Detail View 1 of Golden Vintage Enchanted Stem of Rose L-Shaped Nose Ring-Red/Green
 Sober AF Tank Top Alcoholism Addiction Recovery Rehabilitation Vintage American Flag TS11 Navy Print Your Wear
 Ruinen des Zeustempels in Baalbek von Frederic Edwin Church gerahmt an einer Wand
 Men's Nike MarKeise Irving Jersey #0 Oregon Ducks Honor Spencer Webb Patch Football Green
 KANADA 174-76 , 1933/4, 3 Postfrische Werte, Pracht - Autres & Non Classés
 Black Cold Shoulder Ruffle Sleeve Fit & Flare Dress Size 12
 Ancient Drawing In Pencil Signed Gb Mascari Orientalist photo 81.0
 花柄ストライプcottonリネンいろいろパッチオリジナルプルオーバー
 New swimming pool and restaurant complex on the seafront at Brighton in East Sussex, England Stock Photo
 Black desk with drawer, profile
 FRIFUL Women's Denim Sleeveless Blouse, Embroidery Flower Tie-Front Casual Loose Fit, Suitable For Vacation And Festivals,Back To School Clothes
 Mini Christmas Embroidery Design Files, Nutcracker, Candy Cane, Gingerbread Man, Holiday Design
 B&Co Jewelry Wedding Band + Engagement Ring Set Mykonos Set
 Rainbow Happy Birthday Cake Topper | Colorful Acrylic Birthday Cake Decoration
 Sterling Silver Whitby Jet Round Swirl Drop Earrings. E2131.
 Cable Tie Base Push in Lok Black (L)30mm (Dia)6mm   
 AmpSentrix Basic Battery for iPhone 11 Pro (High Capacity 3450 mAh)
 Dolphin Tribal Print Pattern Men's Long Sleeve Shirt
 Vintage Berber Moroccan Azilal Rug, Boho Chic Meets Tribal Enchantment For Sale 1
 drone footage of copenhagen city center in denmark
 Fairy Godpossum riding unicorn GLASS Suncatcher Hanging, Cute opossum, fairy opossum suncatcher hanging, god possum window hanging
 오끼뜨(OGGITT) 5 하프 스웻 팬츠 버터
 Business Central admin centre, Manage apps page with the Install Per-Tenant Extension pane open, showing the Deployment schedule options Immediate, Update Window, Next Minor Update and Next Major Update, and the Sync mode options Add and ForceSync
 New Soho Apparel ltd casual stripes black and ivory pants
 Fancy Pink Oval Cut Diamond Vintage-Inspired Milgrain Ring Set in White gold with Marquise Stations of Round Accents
§ §
### What needs to be done
What this task asks for is an exact copy of the material above.

### Written response
Detail View 1 of Golden Vintage Enchanted Stem of Rose L-Shaped Nose Ring-Red/Green
 Sober AF Tank Top Alcoholism Addiction Recovery Rehabilitation Vintage American Flag TS11 Navy Print Your Wear
 Ruinen des Zeustempels in Baalbek von Frederic Edwin Church gerahmt an einer Wand
 Men's Nike MarKeise Irving Jersey #0 Oregon Ducks Honor Spencer Webb Patch Football Green
 KANADA 174-76 , 1933/4, 3 Postfrische Werte, Pracht - Autres & Non Classés
 Black Cold Shoulder Ruffle Sleeve Fit & Flare Dress Size 12
 Ancient Drawing In Pencil Signed Gb Mascari Orientalist photo 81.0
 花柄ストライプcottonリネンいろいろパッチオリジナルプルオーバー
 New swimming pool and restaurant complex on the seafront at Brighton in East Sussex, England Stock Photo
 Black desk with drawer, profile
 FRIFUL Women's Denim Sleeveless Blouse, Embroidery Flower Tie-Front Casual Loose Fit, Suitable For Vacation And Festivals,Back To School Clothes
 Mini Christmas Embroidery Design Files, Nutcracker, Candy Cane, Gingerbread Man, Holiday Design
 B&Co Jewelry Wedding Band + Engagement Ring Set Mykonos Set
 Rainbow Happy Birthday Cake Topper | Colorful Acrylic Birthday Cake Decoration
 Sterling Silver Whitby Jet Round Swirl Drop Earrings. E2131.
 Cable Tie Base Push in Lok Black (L)30mm (Dia)6mm   
 AmpSentrix Basic Battery for iPhone 11 Pro (High Capacity 3450 mAh)
 Dolphin Tribal Print Pattern Men's Long Sleeve Shirt
 Vintage Berber Moroccan Azilal Rug, Boho Chic Meets Tribal Enchantment For Sale 1
 drone footage of copenhagen city center in denmark
 Fairy Godpossum riding unicorn GLASS Suncatcher Hanging, Cute opossum, fairy opossum suncatcher hanging, god possum window hanging
 오끼뜨(OGGITT) 5 하프 스웻 팬츠 버터
 Business Central admin centre, Manage apps page with the Install Per-Tenant Extension pane open, showing the Deployment schedule options Immediate, Update Window, Next Minor Update and Next Major Update, and the Sync mode options Add and ForceSync
 New Soho Apparel ltd casual stripes black and ivory pants
 Fancy Pink Oval Cut Diamond Vintage-Inspired Milgrain Ring Set in White gold with Marquise Stations of Round Accents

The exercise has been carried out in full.